You'll notice I'm taking long quotes from them - and from the introduction, which is pertinent to my own thinking process in writing this novel. They refer to work 'undergoing major transformations' (p.xiii) and briefly refer to conversations they had with writers, acknowledging that they allowed writers to change their minds when explaining their process as 'we had asked them to recall, on the spur of the moment, activities of mind that had engaged them some time ago...Second thoughts are sometimes more focused and pertinent than first ones.' (p.xiii).

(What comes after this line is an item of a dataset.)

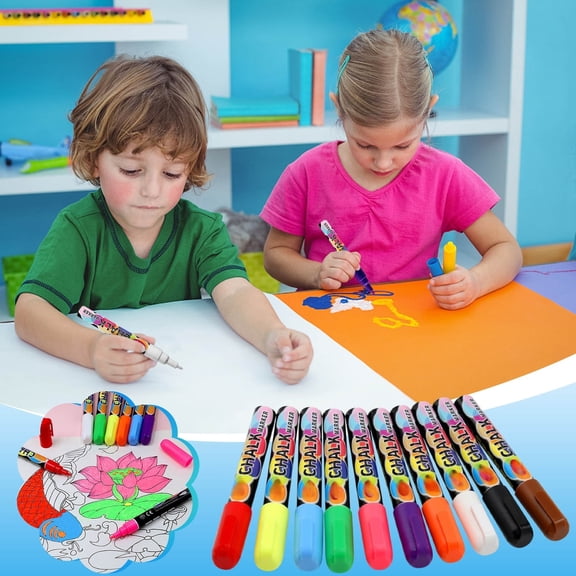 10 Colors Washable Liquid Chalk Markers, Non-Toxic Erasable Dust-Free Chalk Pens for Kids Blackboard Window Graffiti Drawing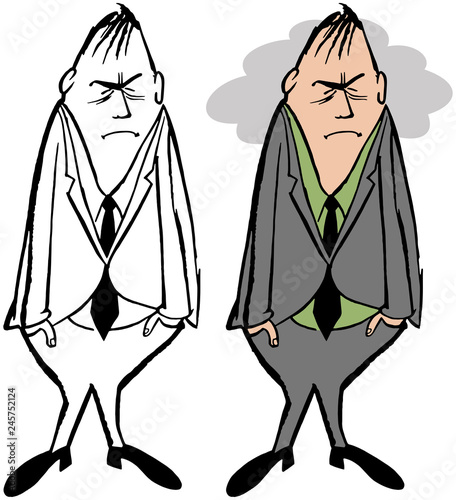 A grumpy, depressed and disheveled man.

I think, even at this early stage of my reading of this exploration, I'm struck by the complex nature of it, and of my own processes, naturally. My own current novel is, to put it in Woolfe & Grenville's terms, undergoing major transformations, indeed, I'm not writing it in a linear way, I'm back-stitching - that is to say returning to previous scenes so as to stitch together the plot. As a process, this is something of a revelation to me, a bit like the norovirus, it comes upon me fast and has to come out. That sounds dramatic, but if I don't write down, quickly, what I'm thinking, oh dear... and, because I'm currently on 45000 words, I can see I haven't much further to go, not with this version at any rate.